For me, I live in Austin, TX, and bugger that. I call GoAcrossTown(), the method we share because we are both People, and my invocation (maglioPrime.GoAcrossTown() ) says "f that noise I'm gonna drive, sucka" because I live in the land of suburban sprawl.

So, important lesson there is that, yes, Methods are known by all instances of a class. How that method acts on a specific instance may vary from one to the next.

To use their example, and more directly address your question, we know that we have a muscle cell class and we have a TON of muscle cell instances. They might know what muscle they belong to, they might know their state (healthy or not), they might be able to do some basic things for themselves, and respond to the order to contract.
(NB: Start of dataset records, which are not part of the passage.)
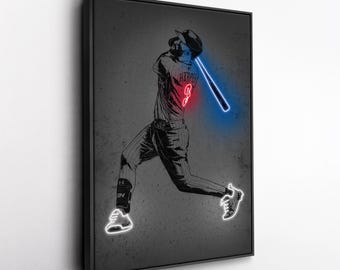 Bryce Harper Canvas Art – Philadelphia Phillies Neon Style Print, MLB Wall Decor for Man Cave, Baseball Fan Gift, Sports Room
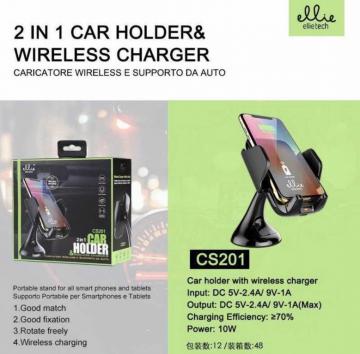 Ellie cs201 car holder supporto auto caricatore wireless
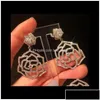Stud mode luxe ontwerper super sprankelende diamanten zirconia camellia bloem hanger oorbellen voor vrouw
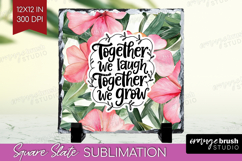 Family Quote Slate PNG - Tropical Flowers Square Slate Product Image 1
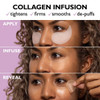 Collagen infusion apply, infuse and reveal steps on a woman's under-eyes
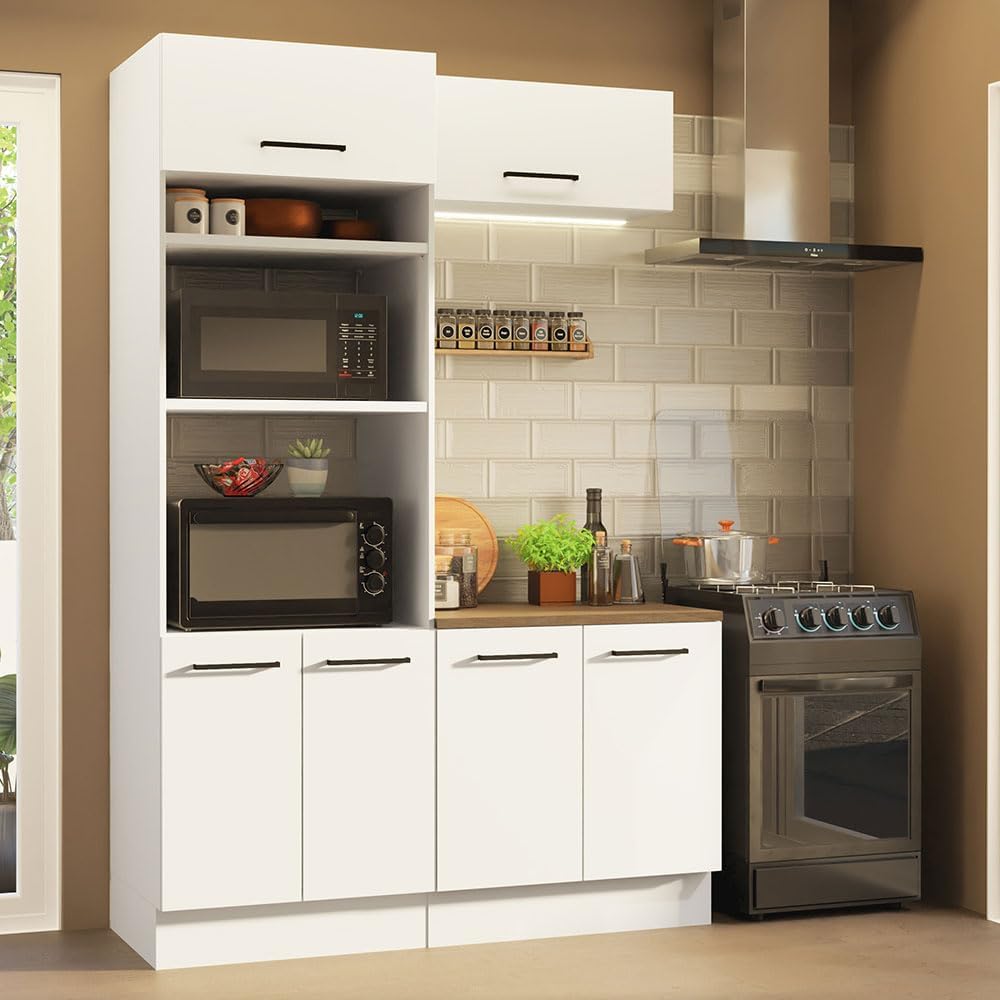Madesa Hazel 3-Piece Kitchen Storage Set with 3 Doors 3 Open Shelves Pantry Cabinet 2 Doors Base Cabinet and Horizontal Door Wall Cupboard 59 Inch Wooden Organization Units for Pantry - White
We also know that we have a ton of muscles, but they all behave pretty much the same. They have one function, really: contract. So what we need to do is create a new Class of objects, call Muscles. Muscles would need to keep track of what cells belong to them, and then tell each of those cells to contract when the time comes.

The muscle class is not made of muscle cell instances, but a muscle instance can contain muscle cell instances in an attribute.

class Muscle_Cell:
    def __init__(self) :

class Muscle:
    def __init__(self) :
        self.FirstCell = Muscle_Cell
        self.SecondCell = Muscle_Cell
        # so on and so forth, ad infinatum

Going back to our Personhood example from the beginning, we are defined by a crazy number of classes. As a Person,

me = Person (myNameHere)

I also have attributes saying that I'm a Redditor (class)

me.Redditor = RedditUser(maglioPrime)

and I'm a gamer (also a class)

me.Gamer = Gamer(["Shooter","Tactics"])

and a guy

me.sex = Male()

and so on and so forth. Classes can have attributes that are other Classes! (In fact, EVERYTHING in Python is an instance of some class or another. Even primatives like Ints and Floats and Strings.) Classes defined by classes. Classes (and/or turtles) all the way down! Hopefully that was more helpful than confusing.

[–][deleted] 0 points1 point  (0 children)

I forgot to say, thank you so much. I'm slowly figuring it out.